Best system optimisation for playing Valorant
1. Medium quality settings over low quality settings
Now, you might be wondering why we’re asking you to favor medium quality settings over the lower one, when it comes to getting a better in-game performance.
Truth be told, performance is important, but it shouldn’t come at the cost of visual clarity.
Valorant is a low TTK game like CS:GO, so in both games, you can kill the enemy with lesser bullets than you would in games like Overwatch and Call of Duty.
Hence, aim and precision are greatly rewarded in Valorant. But if you’re lowering the visual settings to the point that you cannot make out an enemy from the background environment, then you lose that competitive edge no matter how high your FPS and refresh rate are.
It’s important to balance performance with visuals, and if you have a decent enough rig, you will be able to get a minimum of 120 FPS, even on medium settings.
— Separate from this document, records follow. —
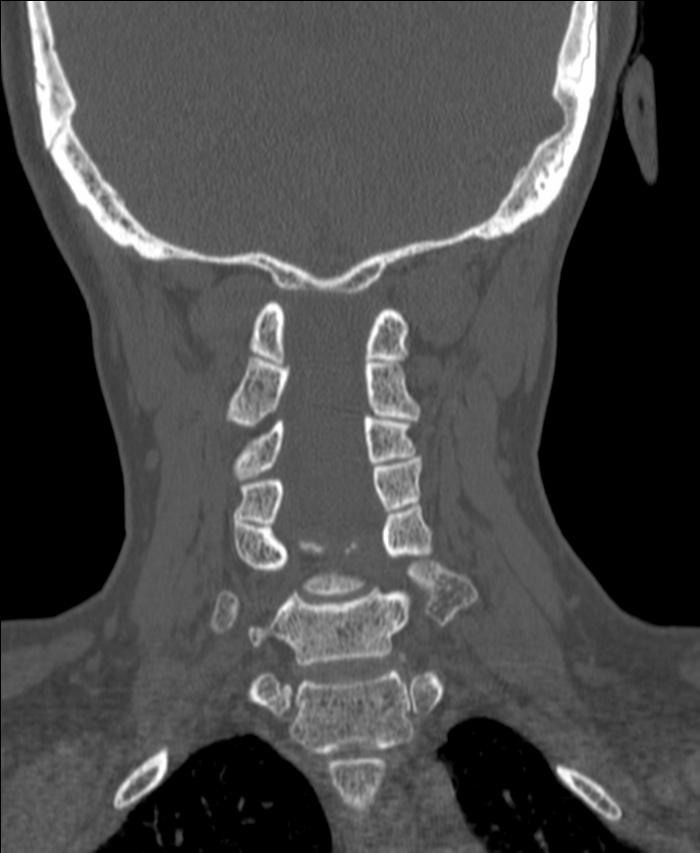 Atlanto-occipital assimilation with basilar invagination (Radiopaedia 70122-80188 Coronal bone window 138).jpg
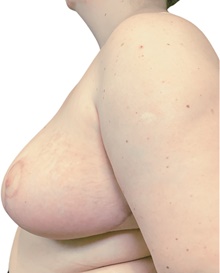 Breast Reduction After Photo by Mark Albert, MD; New York, NY - Case 47990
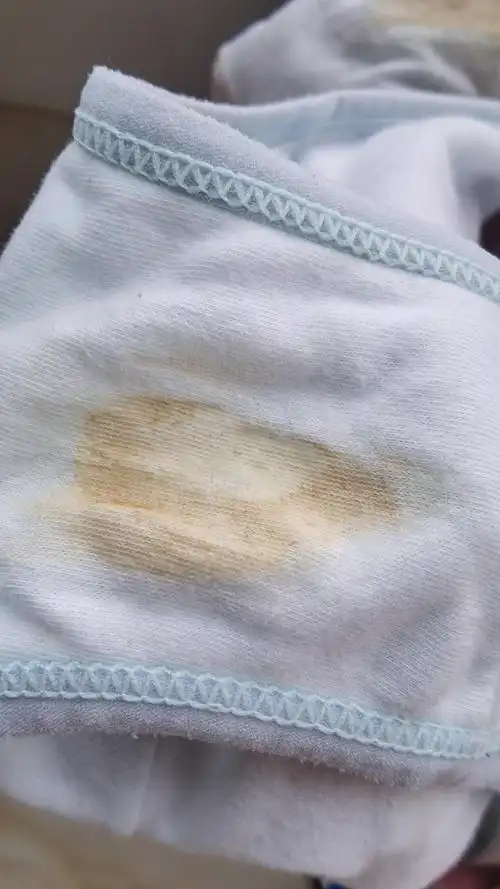 孕5周4天,内裤这两天这个颜色正常吗,姐妹们你们也有这种情况吗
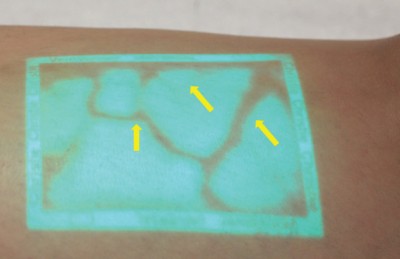 Fot. 2 Ocena drobnych naczyń krwionośnych za pomocą VeinViewer®. Strzałką oznaczono naczynia siatkowate i mniejsze teleangiektazje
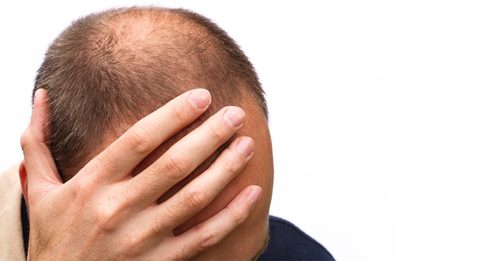 全球男性秃头率排名 西班牙最高 大马第44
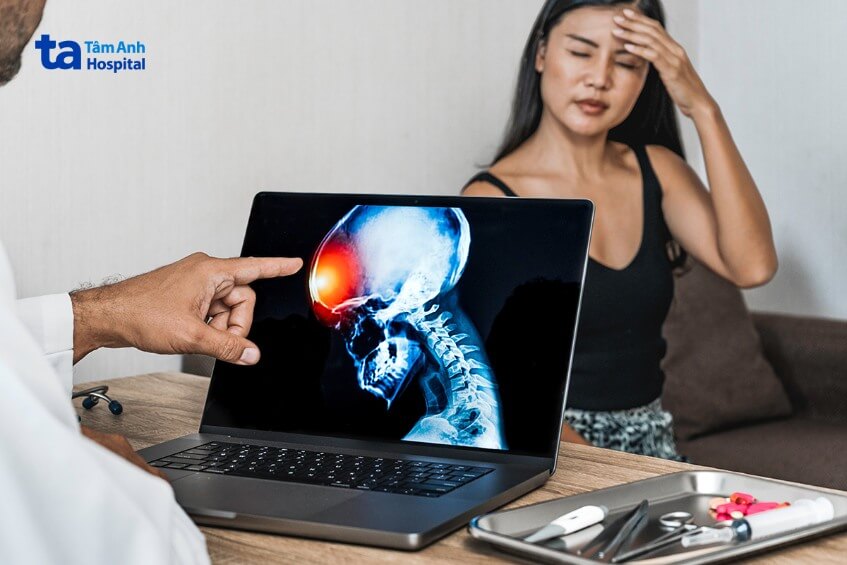 triệu chứng viêm xương sọ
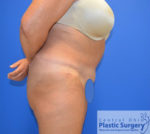 Tummy Tuck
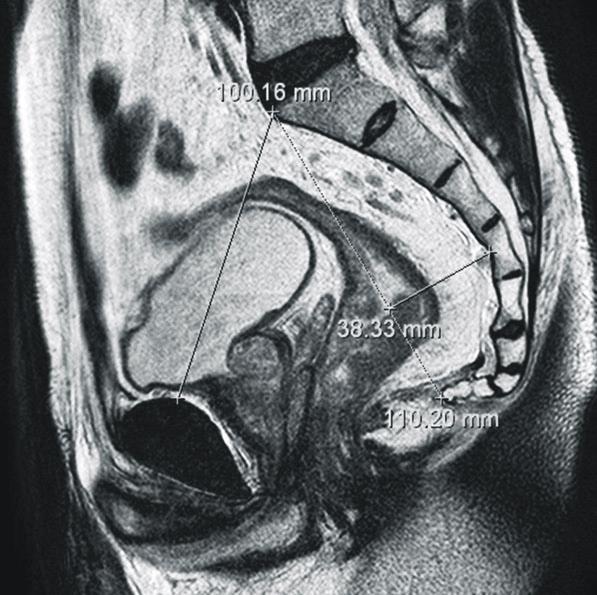 MRI 상에서 골반의 중시상면에서 골반의 전후 직경(obstetric conjugate, 천골 융기(sacral promontory)부터 치골 결합(symphysis pubis)의 상연까 지의 거리)과 천골 길이(천골 융기부터 미골의 최단 직 5) 종양의 T 병기 종양의 T 병기는 병리 조직 검사를 통하여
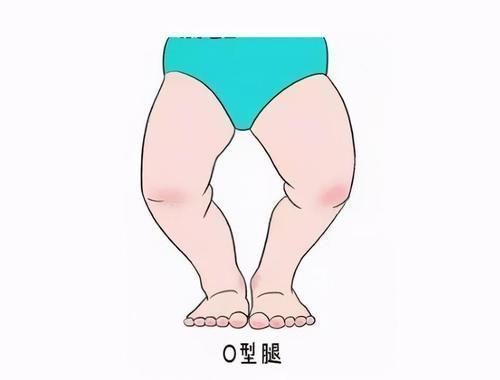 孩子|女婴多长一根手指,老人用土办法“治疗”,孩子差点要截肢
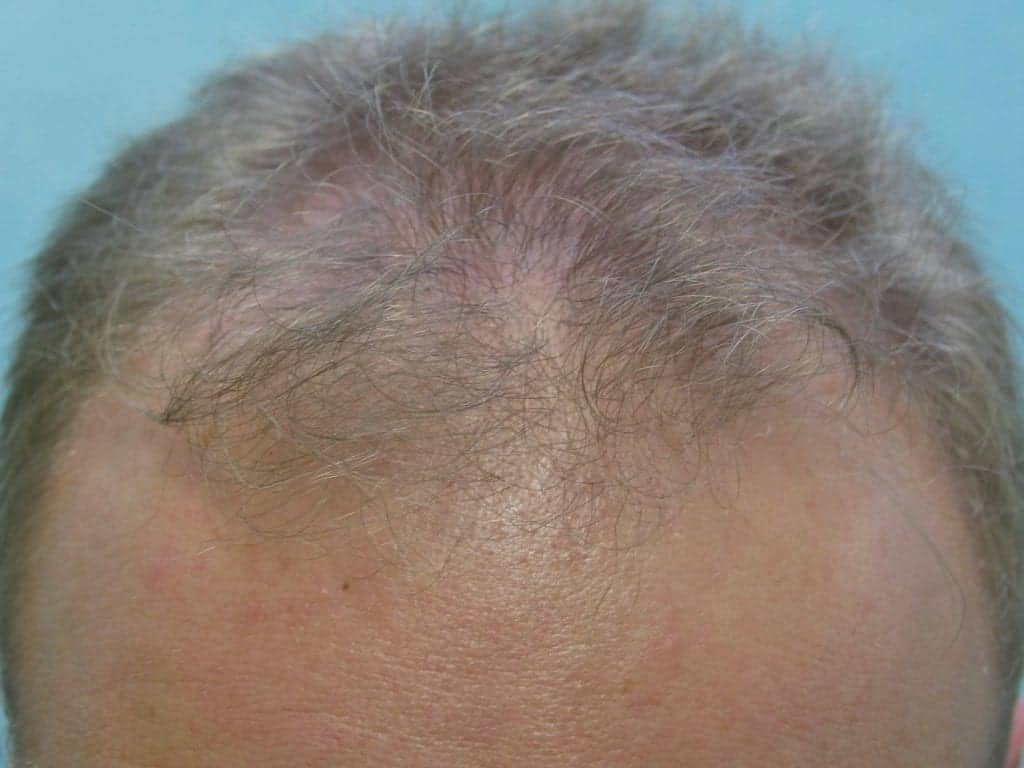 Video: Fue Hairline Reconstruction Reverse Hair Thinning Result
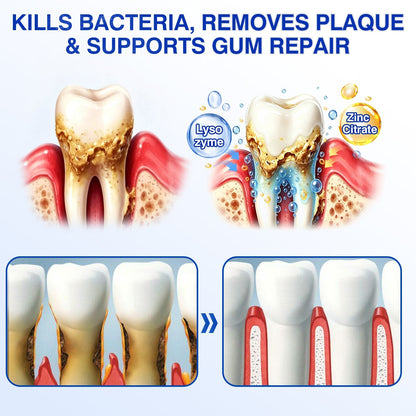 🇨🇦🦷Curalona® GumRevive Periodontal Repair Gel (For Bleeding Gums, Gum Recession & Loose Teeth)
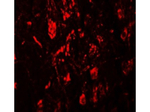 LRRTM4 Polyclonal Antibody
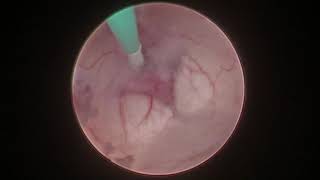 Endoscopic Third Ventriculostomy [upl. by Lucchesi]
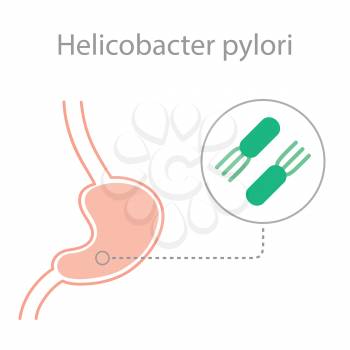 helicobacter pylori bacteria disease. human gastric stomach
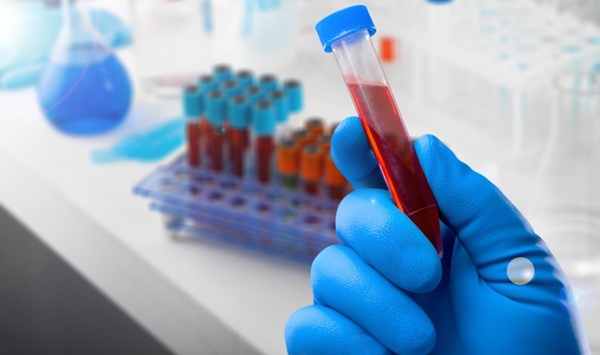 Imagen: nuevas moléculas de sangre pueden predecir con precisión los resultados de la presión arterial a largo plazo en adolescentes después de una cirugía bariátrica (fotografía cortesía de 123RF) Imagen: nuevas moléculas de sangre pueden predecir con precisión los resultados de la presión arterial a largo plazo en adolescentes después de una cirugía bariátrica (fotografía cortesía de 123RF)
If you’re playing Valorant at a higher resolution of 1920x1080 and 16:9 (144Hz), you can turn off anti-aliasing, as that is mainly required for those who play on very low resolutions.
2. 60Hz will not cut it in the competitive scene
In competitive tactical, first-person shooters, information and reaction time are some of the most important things. So, if your monitor is displaying the game information to you late, then there is obviously going to be a delay in your reactions.
Hence, the standard 60Hz monitors are a detriment to your in-game performance. Even if you set your resolution to 1920x1080 and 16:9 (144Hz), and have your FPS locked at 300, you will still not have the competitive edge in 1v1 situations if you’re gaining information late.
So if you’re serious about Valorant’s competitive scene, then we suggest that you invest in a better monitor.
Game still needs more polish
Over the next few patches, Valorant will be receiving a lot of graphics updates, as the game still requires a lot of polish, and the recommended graphics settings will change along with that as well.